Eserin ikinci kısmı, yazarların bölgedeki canlı Ermeni varlığını resmetmek ve yeniden sunmak amacını başarılı bir biçimde yerine getiriyor. İnsanlar ve Yaşadıkları Topraklar başlığını taşıyan bu kısımda Ermenilerin Anadolu’nun her köşesine yayılmış varlığı bu varlığın tarihsel kökenlerine dair bilgiler, görseller, mimariye ve kültüre ilişkin aktarımlarla birlikte sunuluyor. İstanbul hamalları, sarrafları, simitçilerini; Anadolu’daki yüzlerce kilisenin fotoğrafını, Ermeni terzilerinin, rahibelerinin yetimhanelerin, hastanelerin fotoğraflarını bulmanın mümkün olduğu bu kısımda her bölgenin yaşam tarzı da titizlikle yeniden canlandırılıyor. Özellikle İstanbul, İzmir gibi kozmopolit metropollerle Yüksek Ermeni Platosu olarak adlandırılan bölgede yaşayan Ermenilerin arasındaki önemli farkları ilk elde görmek mümkün. Ama derinleştikçe bu bölgelerin kendi kırsallarının nasıl farklılaştığına dair bilgiler bu topraklarda var olmuş canlı bir tarihi gözler önüne seriyor. Her sayfasında, okuyana, özellikle de Türkiyeli okura, bilmenin sorumluluğunu biraz daha hissettiren bu kitabın Hrant Dink için neden bu kadar önemli olduğu da sanırım böylece ortaya çıkıyor.
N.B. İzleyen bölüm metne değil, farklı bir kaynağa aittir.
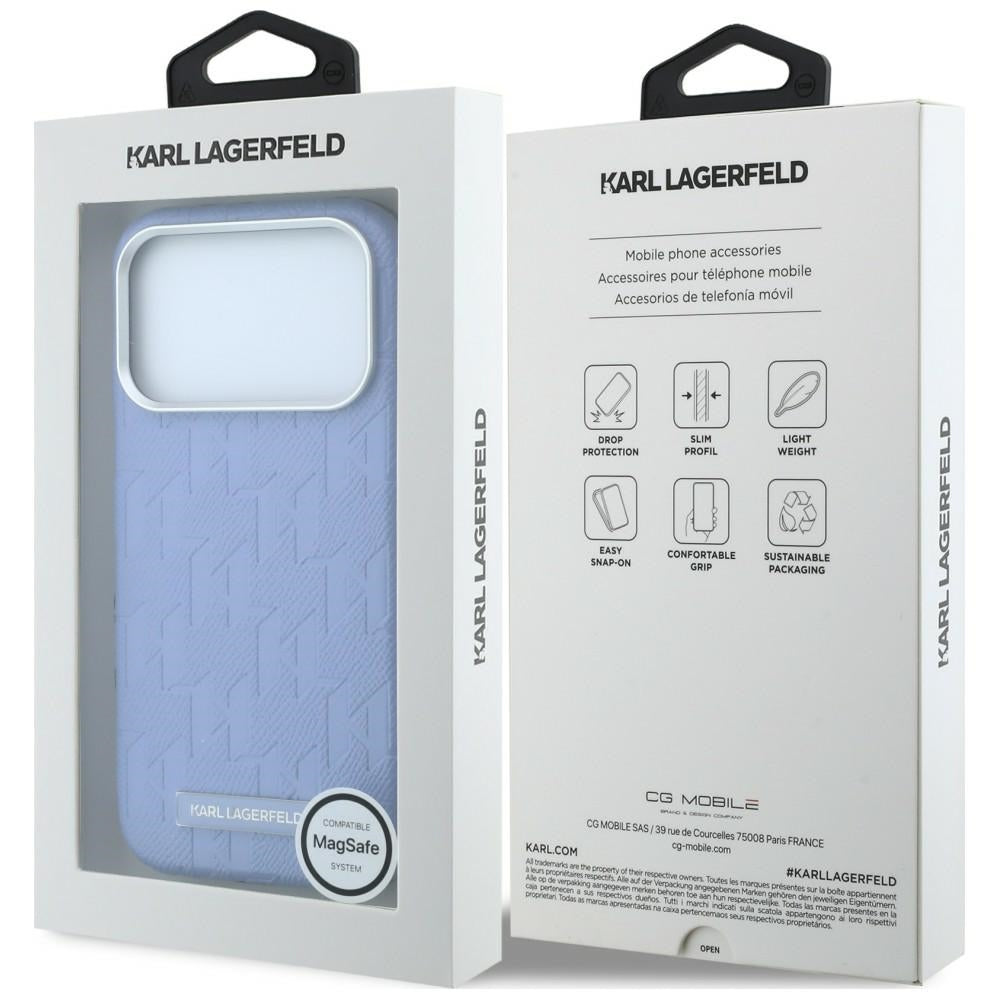 Karl Lagerfeld Grained Mono Resin Logo MagSafe Case for iPhone 17 Pro / 18 Pro - Light Blue_7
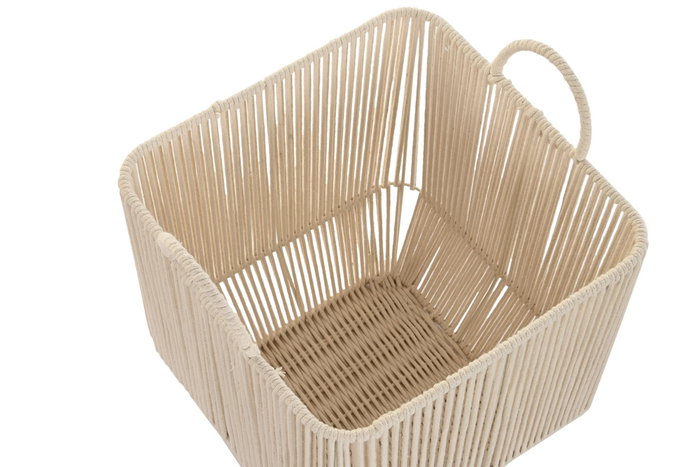 DKD Home Decor Set de 3 Cestas de Algodón y Metal en Beige DKD Home Decor Set de 3 Cestas de Algodón y Metal en Beige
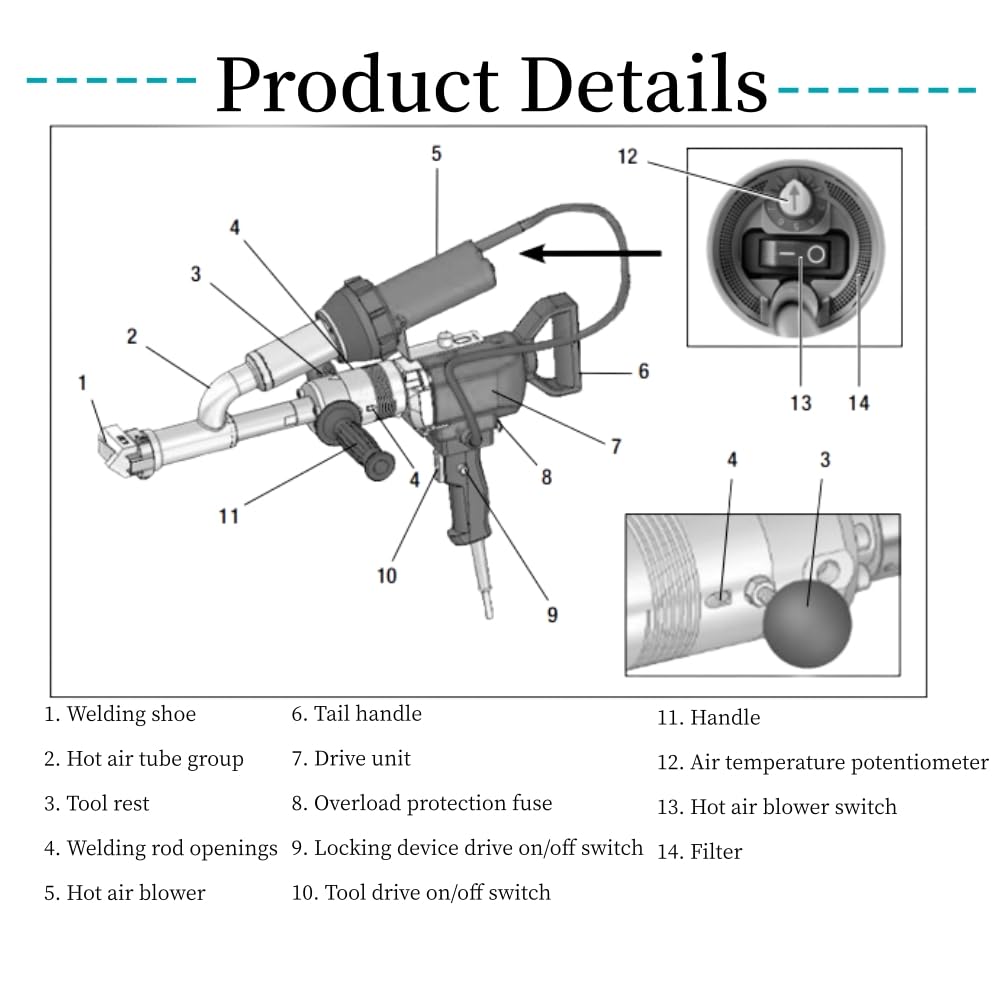 220V EX2 EX3 WELDY 3400W Handheld Plastic Extrusion Welding Machine kit Hot Air Plastic Welder Gun Vinyl Weld Extruder Welder Machine (EX2 extruder)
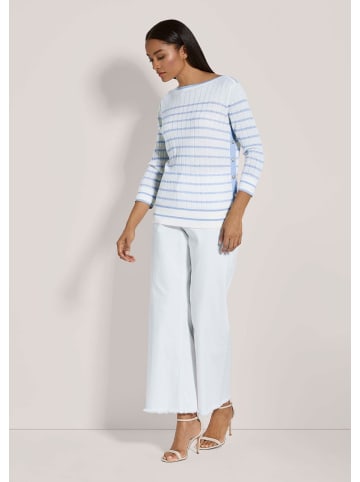 MADELEINE Halbarm Pullover, maritime Streifen in rauchblau / weiß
Bitirirken, kitabı okurken masamda gören herkesin hemen kendi doğduğu yerleşime ilişkin bilgilere dair bir tarama yapması aslında ortalama her Türkiyelinin en azından benim çevremde olanların, üzerine bastığı toprağa, gittiği okula, camiye dair bir sorusu olduğunu bana kişisel olarak gösterdi. Bu eser, daha genel bir soruya dair önemli bilgiler içermesinin yanı sıra bir sorumluluğa da işaret etmesiyle çok önemli ve değerli bir çalışma.